++++ PROVIDED ENTRIES
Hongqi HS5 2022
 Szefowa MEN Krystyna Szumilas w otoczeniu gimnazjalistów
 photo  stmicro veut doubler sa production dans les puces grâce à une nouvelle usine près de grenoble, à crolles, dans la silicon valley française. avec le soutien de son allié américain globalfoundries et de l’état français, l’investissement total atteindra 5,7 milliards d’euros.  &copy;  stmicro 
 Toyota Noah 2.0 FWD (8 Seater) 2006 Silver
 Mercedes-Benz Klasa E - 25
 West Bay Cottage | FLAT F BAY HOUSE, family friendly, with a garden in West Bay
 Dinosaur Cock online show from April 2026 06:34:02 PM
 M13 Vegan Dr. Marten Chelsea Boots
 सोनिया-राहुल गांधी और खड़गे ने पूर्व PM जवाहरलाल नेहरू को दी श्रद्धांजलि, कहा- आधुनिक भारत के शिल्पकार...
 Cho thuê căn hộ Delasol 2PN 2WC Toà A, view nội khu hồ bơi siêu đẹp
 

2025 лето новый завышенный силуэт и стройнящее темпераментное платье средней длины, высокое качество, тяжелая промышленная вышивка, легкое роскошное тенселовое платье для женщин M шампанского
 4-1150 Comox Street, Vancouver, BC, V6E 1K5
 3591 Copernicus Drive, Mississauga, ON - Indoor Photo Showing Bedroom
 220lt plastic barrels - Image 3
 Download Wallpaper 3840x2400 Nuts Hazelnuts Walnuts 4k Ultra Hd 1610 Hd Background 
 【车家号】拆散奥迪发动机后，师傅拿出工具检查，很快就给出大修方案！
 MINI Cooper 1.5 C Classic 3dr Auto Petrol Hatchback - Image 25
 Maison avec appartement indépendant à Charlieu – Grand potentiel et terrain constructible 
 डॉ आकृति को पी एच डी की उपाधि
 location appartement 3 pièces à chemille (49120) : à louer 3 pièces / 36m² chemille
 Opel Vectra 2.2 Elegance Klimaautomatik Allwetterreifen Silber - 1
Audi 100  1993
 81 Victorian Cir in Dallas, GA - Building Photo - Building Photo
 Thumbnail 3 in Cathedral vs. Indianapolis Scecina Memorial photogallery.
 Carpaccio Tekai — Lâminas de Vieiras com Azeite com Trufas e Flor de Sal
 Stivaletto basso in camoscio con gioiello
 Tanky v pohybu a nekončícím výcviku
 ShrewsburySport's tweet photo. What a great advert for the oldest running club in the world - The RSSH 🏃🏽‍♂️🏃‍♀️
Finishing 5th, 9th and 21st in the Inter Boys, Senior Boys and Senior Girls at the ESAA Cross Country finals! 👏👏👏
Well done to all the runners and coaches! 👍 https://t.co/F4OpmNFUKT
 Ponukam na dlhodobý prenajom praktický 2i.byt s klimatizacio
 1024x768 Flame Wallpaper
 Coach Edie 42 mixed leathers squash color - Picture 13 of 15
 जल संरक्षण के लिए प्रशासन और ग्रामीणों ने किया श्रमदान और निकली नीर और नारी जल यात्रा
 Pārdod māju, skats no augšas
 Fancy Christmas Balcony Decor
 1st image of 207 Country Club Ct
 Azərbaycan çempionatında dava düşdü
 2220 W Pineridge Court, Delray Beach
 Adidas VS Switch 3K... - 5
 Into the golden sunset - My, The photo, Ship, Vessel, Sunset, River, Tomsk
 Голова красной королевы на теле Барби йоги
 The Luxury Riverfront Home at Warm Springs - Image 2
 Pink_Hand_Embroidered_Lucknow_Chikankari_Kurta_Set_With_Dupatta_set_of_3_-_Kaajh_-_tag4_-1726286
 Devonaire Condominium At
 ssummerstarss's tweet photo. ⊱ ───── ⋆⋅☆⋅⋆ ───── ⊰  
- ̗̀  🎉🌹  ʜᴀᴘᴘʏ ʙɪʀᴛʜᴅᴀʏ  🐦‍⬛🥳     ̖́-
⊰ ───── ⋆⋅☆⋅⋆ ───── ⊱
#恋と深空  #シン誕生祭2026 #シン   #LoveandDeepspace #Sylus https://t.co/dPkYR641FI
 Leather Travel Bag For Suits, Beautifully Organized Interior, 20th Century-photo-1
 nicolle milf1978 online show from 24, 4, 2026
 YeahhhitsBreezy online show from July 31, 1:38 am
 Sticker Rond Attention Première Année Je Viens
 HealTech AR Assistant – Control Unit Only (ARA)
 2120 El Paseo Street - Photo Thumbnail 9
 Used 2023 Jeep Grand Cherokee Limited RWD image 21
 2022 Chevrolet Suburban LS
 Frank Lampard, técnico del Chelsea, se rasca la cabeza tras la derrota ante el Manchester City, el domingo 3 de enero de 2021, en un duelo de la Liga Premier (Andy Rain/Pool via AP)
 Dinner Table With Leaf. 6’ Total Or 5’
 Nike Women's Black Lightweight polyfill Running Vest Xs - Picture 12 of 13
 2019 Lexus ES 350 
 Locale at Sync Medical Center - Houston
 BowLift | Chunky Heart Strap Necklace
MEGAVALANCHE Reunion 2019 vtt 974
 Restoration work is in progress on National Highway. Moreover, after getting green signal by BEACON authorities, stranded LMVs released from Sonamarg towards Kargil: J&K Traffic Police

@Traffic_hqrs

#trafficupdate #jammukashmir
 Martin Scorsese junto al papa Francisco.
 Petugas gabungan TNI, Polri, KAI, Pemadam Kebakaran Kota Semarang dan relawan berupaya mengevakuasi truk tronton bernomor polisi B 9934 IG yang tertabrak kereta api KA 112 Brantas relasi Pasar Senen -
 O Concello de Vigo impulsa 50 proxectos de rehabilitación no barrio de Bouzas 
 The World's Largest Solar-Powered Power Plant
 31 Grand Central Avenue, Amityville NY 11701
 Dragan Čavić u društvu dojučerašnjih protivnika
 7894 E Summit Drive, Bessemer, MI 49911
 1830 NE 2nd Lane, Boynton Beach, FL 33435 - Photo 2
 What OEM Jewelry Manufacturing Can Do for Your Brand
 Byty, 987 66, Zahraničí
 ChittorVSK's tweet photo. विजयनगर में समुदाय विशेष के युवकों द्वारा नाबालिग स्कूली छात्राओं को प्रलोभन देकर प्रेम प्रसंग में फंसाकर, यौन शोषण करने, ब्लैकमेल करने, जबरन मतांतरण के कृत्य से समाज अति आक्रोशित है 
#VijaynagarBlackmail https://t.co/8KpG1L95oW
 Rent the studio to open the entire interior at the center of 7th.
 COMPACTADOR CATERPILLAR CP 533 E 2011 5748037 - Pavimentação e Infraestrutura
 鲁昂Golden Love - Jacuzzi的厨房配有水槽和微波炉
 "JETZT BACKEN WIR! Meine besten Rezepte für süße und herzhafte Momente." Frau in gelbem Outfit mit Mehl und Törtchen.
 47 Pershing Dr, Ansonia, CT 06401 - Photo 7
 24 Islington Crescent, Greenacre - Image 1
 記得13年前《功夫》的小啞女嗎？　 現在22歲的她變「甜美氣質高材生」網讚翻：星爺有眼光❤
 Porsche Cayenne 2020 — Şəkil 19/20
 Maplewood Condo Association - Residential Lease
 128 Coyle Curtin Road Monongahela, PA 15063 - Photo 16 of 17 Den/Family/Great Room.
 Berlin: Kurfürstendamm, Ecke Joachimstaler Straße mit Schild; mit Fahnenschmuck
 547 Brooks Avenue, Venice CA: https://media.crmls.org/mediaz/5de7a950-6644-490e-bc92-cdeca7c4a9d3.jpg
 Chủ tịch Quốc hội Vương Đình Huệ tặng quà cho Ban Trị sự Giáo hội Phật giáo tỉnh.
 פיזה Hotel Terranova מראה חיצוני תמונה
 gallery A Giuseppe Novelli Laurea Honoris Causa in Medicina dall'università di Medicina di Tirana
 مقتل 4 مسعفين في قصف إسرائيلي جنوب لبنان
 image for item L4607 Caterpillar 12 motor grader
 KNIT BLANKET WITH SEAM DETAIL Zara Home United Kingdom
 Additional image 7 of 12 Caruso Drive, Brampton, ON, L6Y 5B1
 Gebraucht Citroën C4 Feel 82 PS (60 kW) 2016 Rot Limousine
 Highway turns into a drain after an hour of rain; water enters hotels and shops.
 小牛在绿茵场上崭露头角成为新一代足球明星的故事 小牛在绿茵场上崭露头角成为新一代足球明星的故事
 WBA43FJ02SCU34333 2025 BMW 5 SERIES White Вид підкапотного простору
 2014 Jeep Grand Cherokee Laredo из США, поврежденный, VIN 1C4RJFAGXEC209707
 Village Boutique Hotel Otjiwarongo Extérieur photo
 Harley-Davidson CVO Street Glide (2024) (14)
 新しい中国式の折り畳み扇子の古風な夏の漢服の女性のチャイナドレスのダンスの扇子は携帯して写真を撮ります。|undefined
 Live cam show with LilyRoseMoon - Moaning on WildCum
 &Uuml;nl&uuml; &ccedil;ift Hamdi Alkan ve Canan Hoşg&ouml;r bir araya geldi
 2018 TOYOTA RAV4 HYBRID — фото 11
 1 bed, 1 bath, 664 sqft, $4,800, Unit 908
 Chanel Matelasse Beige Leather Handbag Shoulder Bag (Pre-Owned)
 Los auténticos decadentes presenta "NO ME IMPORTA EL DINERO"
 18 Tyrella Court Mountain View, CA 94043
++++++++
[PROBLEM TO SOLVE]: Each line of the entries above that has the word "Court" is to be copied.

[ANSWER SECTION]:
 2220 W Pineridge Court, Delray Beach
 18 Tyrella Court Mountain View, CA 94043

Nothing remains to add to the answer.